Padahal, kata Nab Bahany, persoalan seni musik dalan Islam ini, tahun 2022 kemarin, telah dibuat sebuah diskusi publik yang diinisiasi oleh Disbudpar Aceh, di Hotel Hermes Banda Aceh.

Diskusi itu dimaksudkan untuk memperoleh kesamaan pandangan, terutama di Aceh, terhadap bagaimana sebenarnya kekedudukan seni dalam Islam.

Dalam diskusi publik itu, dihadirkan Ketua MPU yang diwakili Wakil Ketua MPU Aceh, ahli sejarah kebudayaan Islam dari UIN Ar-Raniry, dan ulama-ulama pimpinan dayah yang ada di Banda Aceh serta Aceh Besar, sebagai pembicara dalam diskusi publik itu.

“Hasil diskusi tersebut melahirkan tiga rekomendasi, salah satu rekomendasinya menghimbau MPU Aceh agar dapat meninjau kembali (mengkaji ulang), salah satu butir fatwanya yg melarang alat musik di Aceh, seperti gitar, piano, bas, seruling, biola dan sejenisnya,” lanjutnya

Budayawan Aceh itu juga mengatakan, untuk diketahui, persoalan pengembangan seni budaya di Aceh, termasuk seni musik, telah pernah diselesaikan oleh Majelis Ulama Indonesia (MUI) Aceh tahun 1972, yaitu masa Tgk.
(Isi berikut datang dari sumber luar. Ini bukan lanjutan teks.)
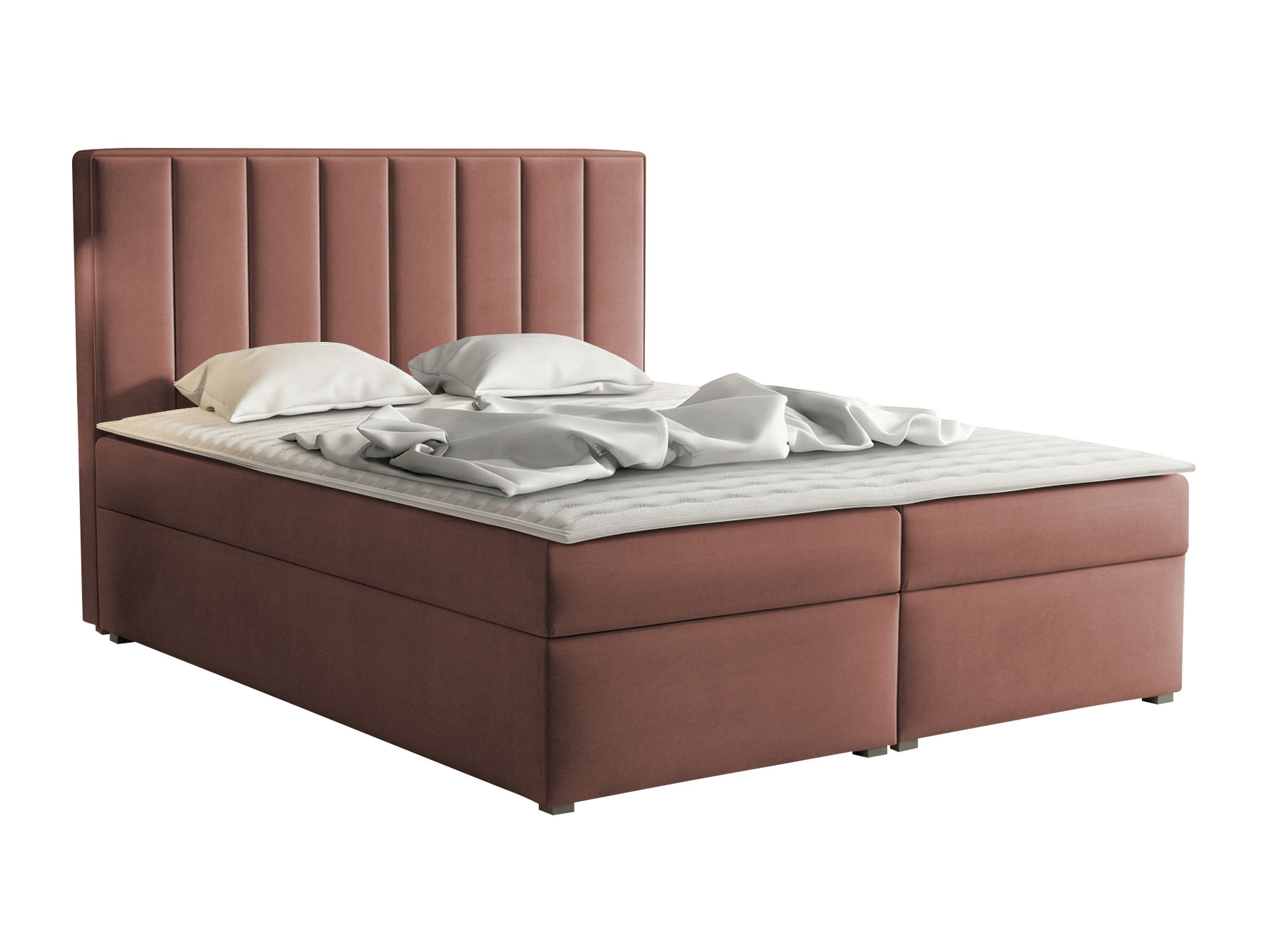 Letto continentale Pomona 116 (Magic velluto 2258)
Abdullah Ujong Rimba selaku ketua MUI Aceh saat itu.

Ia menguraikan, dalam keputusan MUI Aceh tahun 1972, yang ditandatangani Tgk. Abdullah Ujong Rimba sama sekali tidak melarang (mengharamkan alat musik). MUI Aceh dlm keputusannya tahun 1972 itu, hanya memberikan rambu-rambu bahwa setiap pengembangan seni budaya Aceh, dapat disesuaikan dengan nilai-nilai ajaran Islam.

“Itu artinya, silahkan Anda bermusik, asal musik yang Anda gunakan tidak bertentangan dengan nilai-nilai ajaran Islam,” sebut Nab Bahany

Katanya lebih lanjut, bagaimana Islam tidak membolehkan musik. Sementara dalam sepanjang sejarah Islam sendiri, teori-teori tentang musik dikembangkan oleh ulama-ulama (para filosof-filosof) Islam terkemuka di abad-abad kejayaan peradaban Islam.

“Para filosof-filosof Islam dulu telah menulis ratusan kitab-kitabnya tentang teori musik. Ibnu Sina selain dikenal sebagai ahli kedokteran, beliau juga seorang pakar musik dalam dunia Islam,” tuturnya

Oleh karena itu ia mempertanyakan, bagaimana musik diharamkan dalam Islam, karena musik bagian dari satu kemajuan budaya dalam sejarah kejayaan Islam.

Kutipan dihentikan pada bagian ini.